Le public populaire, déjà habitué aux spectacles de lanternes magiques, est immédiatement conquis par ce nouveau médium qui lui raconte des histoires familières. Dans les salles, on chante, on danse, on crie : le cinéma est une activité bruyante et conviviale. Après 1947, année de l’indépendance de l’Inde, le cinéma devient même un outil de fédération nationale pour supplanter le souvenir de la colonisation britannique.
Dès lors, le cinéma de Bollywood s’impose comme le prolongement identitaire des cultures du pays. On y importe les musiques et danses traditionnelles régionales. Certaines chorégraphies ou passages de films deviennent iconiques, au point d’être apprises par coeur et reproduites lors de mariages ou évènements. À la manière des autels sacrés trônant dans tous les foyers hindous, les acteurs de Bollywood pénètrent, eux aussi, dans le quotidien intime des familles indiennes.
« On porte à l’écran des épopées hindoues vieilles de plusieurs millénaires. »
L’exposition insiste sur l’importance de ce patrimoine, historique et musical, celui qui dessine une aura presque légendaire autour des acteurs. Ils sont le visage des personnages mythiques. Hypnotisante, une salle circulaire de miroirs projette, dans un « effet kaléidoscope », des scènes, elles aussi, mythiques. Sur les performances de comédiens, qui dansent et chantent en playback, repose souvent le succès du film.
Ce potentiel fantasmagorique, le réalisateur et producteur Sanjay Leela Bhansali le pousse à son paroxysme. Ses superproductions portent à l’écran de grandes épopées de l’Histoire indienne, projetées dans l’exposition, comme Padmaavat (2018) sur l’histoire de la reine médiévale Padmaavati ou Bajirao Mastani (2015) sur la lutte de l’empereur Bajirao Ier contre les envahisseurs Moghols au XVIIIème siècle. Sanjay Leela Bhansali compte sur de grandes têtes d’affiche : Ranvir Singh, Deepika Padukone ou Shahid Kapoor, des acteurs et actrices adulés en Inde.
DES ACTEURS "STARIFIÉS"
Ce culte charismatique n’a pourtant rien de récent. Il perdure au moins depuis les années 1940, début de l’Âge d’or de Bollywood. On y voit apparaître les premières têtes d’affiche : la rumeur court à l’époque, raconte l’exposition, que les comédiens tournent un film le matin, un autre l’après-midi, et un troisième le soir. Autrefois dépendants des studios de cinéma, ils sont plus libres des films qu’ils tournent et du rythme qu’ils se donnent. Pour les avoir dans leurs films, de nouveaux producteurs leur proposent des cachets mirobolants.

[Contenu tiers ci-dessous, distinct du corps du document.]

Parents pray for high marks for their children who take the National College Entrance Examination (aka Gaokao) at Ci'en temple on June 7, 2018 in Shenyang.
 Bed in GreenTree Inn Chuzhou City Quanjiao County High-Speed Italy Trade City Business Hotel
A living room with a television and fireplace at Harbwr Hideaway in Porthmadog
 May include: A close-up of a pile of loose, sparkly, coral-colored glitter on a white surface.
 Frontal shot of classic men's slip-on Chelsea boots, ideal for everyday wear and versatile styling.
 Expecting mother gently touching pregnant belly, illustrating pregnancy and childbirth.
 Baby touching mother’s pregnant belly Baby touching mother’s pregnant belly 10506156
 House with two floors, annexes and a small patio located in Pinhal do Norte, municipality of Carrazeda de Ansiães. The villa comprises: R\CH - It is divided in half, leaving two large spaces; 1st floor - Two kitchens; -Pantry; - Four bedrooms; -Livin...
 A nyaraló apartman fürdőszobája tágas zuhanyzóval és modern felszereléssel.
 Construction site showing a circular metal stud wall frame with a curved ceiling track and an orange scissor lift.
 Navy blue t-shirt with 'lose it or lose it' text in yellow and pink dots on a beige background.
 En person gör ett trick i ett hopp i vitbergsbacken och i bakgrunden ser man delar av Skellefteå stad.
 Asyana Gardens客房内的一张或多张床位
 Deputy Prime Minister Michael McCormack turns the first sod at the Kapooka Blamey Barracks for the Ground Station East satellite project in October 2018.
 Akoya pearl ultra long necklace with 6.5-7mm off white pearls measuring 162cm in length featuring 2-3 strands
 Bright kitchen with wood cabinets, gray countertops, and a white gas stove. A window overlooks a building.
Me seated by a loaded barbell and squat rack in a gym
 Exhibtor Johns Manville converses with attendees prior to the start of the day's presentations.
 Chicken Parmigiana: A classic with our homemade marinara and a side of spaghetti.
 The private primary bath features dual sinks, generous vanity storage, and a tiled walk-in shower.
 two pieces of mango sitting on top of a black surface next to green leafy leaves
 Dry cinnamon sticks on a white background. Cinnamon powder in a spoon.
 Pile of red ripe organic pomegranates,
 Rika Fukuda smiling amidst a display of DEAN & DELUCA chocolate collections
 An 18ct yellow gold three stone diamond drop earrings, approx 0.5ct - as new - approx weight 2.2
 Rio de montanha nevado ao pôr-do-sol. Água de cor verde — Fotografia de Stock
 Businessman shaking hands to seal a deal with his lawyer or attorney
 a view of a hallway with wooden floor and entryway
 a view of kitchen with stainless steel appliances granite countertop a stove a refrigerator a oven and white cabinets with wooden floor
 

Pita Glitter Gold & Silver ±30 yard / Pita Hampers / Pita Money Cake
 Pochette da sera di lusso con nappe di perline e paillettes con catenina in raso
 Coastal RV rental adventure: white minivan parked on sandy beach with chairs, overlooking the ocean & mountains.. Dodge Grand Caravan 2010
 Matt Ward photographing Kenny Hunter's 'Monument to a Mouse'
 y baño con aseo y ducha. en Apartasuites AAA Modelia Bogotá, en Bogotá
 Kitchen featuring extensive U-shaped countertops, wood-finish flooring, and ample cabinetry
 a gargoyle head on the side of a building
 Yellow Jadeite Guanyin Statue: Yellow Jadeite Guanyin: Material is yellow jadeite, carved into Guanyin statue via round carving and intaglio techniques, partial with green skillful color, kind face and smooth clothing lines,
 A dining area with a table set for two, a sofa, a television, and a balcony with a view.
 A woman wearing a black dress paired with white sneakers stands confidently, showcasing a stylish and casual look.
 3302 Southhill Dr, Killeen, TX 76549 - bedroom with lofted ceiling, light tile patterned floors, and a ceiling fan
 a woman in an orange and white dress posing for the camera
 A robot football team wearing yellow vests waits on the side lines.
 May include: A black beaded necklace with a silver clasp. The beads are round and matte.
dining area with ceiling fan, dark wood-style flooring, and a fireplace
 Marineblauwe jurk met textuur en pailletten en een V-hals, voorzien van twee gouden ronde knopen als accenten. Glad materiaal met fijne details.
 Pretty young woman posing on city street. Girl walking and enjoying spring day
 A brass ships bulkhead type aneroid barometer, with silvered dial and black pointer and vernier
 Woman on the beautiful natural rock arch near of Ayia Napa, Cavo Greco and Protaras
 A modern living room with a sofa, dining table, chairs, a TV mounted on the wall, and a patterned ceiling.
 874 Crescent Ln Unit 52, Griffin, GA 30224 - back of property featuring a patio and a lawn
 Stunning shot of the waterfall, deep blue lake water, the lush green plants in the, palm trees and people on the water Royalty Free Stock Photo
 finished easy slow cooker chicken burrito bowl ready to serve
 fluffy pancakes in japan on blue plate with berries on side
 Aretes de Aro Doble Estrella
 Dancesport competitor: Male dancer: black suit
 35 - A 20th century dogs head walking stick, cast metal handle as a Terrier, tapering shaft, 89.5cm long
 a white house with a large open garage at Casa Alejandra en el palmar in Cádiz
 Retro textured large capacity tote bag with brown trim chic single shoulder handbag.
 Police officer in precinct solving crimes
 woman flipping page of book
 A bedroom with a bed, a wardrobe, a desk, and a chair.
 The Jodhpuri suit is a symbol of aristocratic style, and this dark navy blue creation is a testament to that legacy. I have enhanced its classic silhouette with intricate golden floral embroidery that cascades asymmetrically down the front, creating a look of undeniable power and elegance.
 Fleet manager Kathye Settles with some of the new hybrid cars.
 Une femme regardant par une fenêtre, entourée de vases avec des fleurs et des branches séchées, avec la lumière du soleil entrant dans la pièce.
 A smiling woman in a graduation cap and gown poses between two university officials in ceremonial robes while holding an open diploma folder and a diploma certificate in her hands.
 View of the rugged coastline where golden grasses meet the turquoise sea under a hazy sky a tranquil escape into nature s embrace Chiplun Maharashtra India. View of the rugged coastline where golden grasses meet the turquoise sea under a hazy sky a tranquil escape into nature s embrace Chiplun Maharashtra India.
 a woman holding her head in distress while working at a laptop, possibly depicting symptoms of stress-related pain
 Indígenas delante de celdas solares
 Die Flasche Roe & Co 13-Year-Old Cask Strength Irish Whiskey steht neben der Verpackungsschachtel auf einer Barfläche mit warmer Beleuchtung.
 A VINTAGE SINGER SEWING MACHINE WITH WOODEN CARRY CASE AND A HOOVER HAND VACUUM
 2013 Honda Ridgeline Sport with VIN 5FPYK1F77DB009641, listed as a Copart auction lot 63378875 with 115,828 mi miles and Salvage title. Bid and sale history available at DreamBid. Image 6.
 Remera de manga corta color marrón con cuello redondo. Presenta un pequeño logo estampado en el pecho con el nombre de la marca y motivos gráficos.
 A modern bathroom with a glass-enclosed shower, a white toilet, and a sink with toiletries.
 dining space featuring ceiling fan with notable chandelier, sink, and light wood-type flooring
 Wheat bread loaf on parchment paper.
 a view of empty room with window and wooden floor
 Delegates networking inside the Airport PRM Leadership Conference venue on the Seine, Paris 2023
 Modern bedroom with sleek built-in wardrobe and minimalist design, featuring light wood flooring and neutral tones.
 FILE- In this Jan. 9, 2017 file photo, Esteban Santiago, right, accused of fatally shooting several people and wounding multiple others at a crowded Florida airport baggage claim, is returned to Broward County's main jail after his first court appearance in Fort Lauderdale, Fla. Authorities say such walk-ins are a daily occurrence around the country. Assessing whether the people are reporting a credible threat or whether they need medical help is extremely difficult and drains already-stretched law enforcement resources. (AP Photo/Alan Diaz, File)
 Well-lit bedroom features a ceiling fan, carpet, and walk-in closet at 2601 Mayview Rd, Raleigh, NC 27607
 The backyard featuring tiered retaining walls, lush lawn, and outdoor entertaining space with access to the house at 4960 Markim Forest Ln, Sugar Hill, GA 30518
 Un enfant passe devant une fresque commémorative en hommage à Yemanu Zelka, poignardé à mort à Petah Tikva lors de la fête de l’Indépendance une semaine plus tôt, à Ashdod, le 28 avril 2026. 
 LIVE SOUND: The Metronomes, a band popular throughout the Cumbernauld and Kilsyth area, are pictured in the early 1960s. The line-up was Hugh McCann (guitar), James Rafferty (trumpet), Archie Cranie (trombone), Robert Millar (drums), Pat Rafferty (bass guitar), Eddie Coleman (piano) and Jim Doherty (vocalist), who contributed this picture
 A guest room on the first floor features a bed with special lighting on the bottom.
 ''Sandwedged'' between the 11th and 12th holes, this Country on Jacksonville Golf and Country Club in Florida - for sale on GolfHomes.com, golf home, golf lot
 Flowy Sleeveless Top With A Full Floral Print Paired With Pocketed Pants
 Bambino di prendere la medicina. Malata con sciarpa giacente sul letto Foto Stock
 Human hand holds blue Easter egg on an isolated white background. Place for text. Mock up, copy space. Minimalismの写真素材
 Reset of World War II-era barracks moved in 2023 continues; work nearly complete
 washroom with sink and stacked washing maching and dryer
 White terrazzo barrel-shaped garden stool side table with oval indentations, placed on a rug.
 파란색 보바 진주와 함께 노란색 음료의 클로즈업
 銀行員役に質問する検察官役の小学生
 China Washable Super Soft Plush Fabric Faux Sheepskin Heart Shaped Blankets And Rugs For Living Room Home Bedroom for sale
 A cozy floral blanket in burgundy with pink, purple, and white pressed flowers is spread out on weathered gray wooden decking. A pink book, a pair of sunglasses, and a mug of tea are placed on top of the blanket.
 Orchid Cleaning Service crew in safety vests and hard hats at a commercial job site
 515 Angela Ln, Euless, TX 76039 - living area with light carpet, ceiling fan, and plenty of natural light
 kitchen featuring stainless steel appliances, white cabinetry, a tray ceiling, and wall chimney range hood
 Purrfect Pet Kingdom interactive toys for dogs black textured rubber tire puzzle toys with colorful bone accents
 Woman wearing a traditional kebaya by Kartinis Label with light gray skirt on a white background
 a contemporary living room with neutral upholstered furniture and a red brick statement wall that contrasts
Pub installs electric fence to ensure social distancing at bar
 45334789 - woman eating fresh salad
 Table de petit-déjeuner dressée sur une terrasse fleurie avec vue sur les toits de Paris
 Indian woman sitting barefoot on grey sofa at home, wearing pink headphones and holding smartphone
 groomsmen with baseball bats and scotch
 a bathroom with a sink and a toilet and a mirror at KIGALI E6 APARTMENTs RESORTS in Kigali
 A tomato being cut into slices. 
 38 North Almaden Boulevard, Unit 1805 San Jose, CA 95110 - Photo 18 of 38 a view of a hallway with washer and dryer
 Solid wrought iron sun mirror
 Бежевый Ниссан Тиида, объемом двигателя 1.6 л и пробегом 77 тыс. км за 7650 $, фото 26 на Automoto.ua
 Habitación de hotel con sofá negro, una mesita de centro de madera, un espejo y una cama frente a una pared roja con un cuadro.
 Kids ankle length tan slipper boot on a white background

Mais l’ère des superstars émerge véritablement autour des années 1970, en la figure d’Amitabh Bachchan. Ce « jeune homme en colère », comme le surnomme le public, devient le véritable emblème de Bollywood. Il incarne, à l’époque, un jeune premier porteur de l’idéal masculin, viril, courageux, attaché aux valeurs indiennes. Une salle de cinéma reconstituée est uniquement dédiée a ses grands classiques. Une aura qui fait aujourd’hui de lui, un patriarche du cinéma de Bollywood.
L’industrie suit d’ailleurs les tendances des époques et s’ouvre à un métissage qui lui permet de perdurer, entre patrimoine traditionnel et élan plus moderne. Dans une Inde en plein développement, celle des années 1990, ce sont des figures comme Shahrukh Khan, Salman Khan, mais aussi Kajol, Madhuri Dixit ou Aishwarya Rai Bachchan qui s’imposent à l’écran.
Mais cette génération reste relativement peu évoquée dans l’exposition alors même que leurs visages sont plus connus du public occidental. Il aurait sans doute fallu remplacer les installations tape-à-l’oeil et les dispositifs ludiques – un écran de réalité augmentée nous permet de danser dans des scènes de film – par une section supplémentaire dédiée aux périodes plus proches de la nôtre.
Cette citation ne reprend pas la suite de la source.